*** Opening of Record excerpts ***

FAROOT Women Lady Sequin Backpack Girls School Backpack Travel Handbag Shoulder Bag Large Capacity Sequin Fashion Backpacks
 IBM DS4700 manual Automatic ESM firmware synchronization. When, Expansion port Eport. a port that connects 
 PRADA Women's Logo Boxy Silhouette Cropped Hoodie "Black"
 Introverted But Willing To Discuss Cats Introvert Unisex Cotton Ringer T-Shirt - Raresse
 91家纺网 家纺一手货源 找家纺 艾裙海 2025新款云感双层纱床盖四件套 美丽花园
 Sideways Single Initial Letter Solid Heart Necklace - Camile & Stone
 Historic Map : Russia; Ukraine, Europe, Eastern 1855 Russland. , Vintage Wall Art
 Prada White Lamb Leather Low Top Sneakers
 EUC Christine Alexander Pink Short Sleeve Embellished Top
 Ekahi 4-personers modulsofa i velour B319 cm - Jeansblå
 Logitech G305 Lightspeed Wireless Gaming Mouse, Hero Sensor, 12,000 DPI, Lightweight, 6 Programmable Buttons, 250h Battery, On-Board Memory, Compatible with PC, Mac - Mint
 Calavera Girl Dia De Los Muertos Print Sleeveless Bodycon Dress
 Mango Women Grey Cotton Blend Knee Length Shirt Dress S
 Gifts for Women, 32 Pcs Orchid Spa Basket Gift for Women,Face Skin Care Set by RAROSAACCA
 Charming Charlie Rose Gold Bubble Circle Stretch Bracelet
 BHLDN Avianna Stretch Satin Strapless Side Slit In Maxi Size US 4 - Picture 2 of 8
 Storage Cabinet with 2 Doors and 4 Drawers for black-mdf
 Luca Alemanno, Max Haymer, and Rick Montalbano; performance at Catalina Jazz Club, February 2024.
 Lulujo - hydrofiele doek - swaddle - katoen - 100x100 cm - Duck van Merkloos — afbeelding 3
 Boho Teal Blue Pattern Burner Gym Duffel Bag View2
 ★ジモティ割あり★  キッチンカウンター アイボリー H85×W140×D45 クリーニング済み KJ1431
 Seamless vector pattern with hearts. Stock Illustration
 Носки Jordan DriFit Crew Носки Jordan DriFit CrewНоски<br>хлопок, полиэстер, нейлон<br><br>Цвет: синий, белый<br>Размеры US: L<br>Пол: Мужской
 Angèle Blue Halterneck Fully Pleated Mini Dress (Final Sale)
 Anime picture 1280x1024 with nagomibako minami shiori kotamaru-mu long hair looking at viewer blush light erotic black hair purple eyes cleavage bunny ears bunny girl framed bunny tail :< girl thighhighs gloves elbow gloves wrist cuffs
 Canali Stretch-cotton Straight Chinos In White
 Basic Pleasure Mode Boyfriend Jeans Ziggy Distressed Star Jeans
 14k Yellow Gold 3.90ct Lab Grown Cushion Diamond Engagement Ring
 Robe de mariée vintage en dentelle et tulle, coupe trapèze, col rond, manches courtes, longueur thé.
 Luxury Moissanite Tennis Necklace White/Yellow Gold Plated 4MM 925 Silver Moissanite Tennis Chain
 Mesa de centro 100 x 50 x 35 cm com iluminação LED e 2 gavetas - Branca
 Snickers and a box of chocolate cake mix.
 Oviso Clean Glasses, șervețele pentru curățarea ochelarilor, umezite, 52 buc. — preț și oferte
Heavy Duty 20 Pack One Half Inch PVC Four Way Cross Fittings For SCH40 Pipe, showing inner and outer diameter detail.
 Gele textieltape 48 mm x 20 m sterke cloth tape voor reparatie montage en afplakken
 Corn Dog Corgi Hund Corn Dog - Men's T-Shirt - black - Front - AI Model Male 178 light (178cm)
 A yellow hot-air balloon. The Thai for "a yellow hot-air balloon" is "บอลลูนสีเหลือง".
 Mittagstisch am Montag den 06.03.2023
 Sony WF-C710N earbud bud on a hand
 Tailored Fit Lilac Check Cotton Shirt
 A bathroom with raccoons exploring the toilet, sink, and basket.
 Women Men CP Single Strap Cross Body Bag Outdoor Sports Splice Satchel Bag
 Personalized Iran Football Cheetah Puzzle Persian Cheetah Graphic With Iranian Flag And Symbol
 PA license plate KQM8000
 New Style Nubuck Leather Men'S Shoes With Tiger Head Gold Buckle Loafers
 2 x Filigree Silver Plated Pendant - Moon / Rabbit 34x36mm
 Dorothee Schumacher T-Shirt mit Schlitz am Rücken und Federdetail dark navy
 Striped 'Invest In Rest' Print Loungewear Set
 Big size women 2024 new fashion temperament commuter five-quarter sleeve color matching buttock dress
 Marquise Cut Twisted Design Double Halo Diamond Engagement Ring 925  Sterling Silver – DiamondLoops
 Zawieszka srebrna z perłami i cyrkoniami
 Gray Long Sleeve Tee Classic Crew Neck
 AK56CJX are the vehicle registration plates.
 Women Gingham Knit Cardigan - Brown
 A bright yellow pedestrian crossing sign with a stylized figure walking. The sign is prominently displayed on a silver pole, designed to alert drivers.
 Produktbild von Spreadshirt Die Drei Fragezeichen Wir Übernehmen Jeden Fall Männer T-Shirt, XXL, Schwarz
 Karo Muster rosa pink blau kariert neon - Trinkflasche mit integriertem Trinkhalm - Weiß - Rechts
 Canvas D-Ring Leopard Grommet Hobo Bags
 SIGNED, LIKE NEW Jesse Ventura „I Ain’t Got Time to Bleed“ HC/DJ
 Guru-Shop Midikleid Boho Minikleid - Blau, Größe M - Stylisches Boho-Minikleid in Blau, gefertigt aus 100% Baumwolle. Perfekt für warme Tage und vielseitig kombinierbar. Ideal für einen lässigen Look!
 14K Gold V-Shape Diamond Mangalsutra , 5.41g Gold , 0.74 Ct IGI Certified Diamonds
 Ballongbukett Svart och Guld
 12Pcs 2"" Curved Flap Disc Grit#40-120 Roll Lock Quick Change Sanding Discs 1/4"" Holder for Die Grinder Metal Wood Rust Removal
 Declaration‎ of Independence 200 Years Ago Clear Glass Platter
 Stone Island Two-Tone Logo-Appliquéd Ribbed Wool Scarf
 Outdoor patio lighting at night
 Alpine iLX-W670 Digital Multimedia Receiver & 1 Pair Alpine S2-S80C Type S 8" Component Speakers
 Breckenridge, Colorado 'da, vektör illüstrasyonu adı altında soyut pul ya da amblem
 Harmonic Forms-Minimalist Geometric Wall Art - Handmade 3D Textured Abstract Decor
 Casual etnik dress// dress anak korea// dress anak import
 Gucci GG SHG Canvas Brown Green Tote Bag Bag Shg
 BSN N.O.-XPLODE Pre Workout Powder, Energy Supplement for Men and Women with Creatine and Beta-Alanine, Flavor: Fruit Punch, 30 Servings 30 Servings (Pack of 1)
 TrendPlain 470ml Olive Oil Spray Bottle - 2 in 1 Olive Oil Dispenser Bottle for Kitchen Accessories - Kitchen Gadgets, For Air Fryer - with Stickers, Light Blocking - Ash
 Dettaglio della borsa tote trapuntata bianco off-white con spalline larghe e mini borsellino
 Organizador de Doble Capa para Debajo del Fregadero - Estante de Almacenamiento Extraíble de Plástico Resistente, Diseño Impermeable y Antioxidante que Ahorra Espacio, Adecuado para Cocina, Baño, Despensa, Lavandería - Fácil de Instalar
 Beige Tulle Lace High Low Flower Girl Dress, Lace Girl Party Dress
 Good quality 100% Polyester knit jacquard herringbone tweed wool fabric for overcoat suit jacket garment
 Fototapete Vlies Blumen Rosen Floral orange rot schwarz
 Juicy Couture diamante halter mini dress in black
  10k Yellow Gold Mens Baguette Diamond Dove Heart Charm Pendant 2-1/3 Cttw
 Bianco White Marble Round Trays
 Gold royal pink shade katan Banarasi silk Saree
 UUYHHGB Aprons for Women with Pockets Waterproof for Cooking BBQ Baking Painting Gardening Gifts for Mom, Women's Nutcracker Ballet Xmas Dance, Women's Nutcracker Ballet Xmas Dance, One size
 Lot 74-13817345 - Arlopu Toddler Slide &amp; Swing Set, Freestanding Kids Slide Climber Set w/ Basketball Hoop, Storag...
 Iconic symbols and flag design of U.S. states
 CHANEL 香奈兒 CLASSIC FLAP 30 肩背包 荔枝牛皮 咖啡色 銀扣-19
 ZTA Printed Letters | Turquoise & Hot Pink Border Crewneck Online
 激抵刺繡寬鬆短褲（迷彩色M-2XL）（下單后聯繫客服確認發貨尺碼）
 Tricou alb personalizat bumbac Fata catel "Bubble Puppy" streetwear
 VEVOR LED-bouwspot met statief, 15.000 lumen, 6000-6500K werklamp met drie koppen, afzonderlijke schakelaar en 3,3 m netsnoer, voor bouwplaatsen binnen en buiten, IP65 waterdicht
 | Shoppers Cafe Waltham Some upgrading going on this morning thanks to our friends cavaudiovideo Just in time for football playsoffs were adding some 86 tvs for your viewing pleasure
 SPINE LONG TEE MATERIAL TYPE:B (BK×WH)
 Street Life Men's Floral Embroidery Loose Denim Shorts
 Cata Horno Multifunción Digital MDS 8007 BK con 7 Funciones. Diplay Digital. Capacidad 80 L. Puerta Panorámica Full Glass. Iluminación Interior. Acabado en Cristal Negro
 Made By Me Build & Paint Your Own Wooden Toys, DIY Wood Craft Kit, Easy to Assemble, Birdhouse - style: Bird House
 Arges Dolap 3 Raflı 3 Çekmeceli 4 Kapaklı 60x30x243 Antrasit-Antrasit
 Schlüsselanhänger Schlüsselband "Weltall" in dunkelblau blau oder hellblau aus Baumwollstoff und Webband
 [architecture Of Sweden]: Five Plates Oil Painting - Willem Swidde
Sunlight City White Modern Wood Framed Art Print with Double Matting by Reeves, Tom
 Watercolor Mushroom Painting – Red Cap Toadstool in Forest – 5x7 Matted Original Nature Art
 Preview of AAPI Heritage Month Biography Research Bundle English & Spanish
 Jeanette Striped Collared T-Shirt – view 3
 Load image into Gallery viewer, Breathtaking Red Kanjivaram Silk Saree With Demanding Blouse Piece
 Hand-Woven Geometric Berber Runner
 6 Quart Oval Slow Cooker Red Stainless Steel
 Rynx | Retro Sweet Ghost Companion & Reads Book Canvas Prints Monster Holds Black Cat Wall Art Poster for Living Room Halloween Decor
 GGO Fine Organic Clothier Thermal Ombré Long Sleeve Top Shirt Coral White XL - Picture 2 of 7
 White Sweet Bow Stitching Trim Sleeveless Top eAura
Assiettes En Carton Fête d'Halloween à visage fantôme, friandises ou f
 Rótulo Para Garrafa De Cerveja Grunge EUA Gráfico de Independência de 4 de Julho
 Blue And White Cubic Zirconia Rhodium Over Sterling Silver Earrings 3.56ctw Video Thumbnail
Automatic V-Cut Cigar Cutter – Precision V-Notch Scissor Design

*** Close of Record excerpts ***

- Task item: Find the line with "Personalized Iran Football" in the entries above. Retype it and each line after it, exactly, through the line with "Gray Long Sleeve Tee Classic Crew Neck", and stop there.

- Finished exercise:
 Personalized Iran Football Cheetah Puzzle Persian Cheetah Graphic With Iranian Flag And Symbol
 PA license plate KQM8000
 New Style Nubuck Leather Men'S Shoes With Tiger Head Gold Buckle Loafers
 2 x Filigree Silver Plated Pendant - Moon / Rabbit 34x36mm
 Dorothee Schumacher T-Shirt mit Schlitz am Rücken und Federdetail dark navy
 Striped 'Invest In Rest' Print Loungewear Set
 Big size women 2024 new fashion temperament commuter five-quarter sleeve color matching buttock dress
 Marquise Cut Twisted Design Double Halo Diamond Engagement Ring 925  Sterling Silver – DiamondLoops
 Zawieszka srebrna z perłami i cyrkoniami
 Gray Long Sleeve Tee Classic Crew Neck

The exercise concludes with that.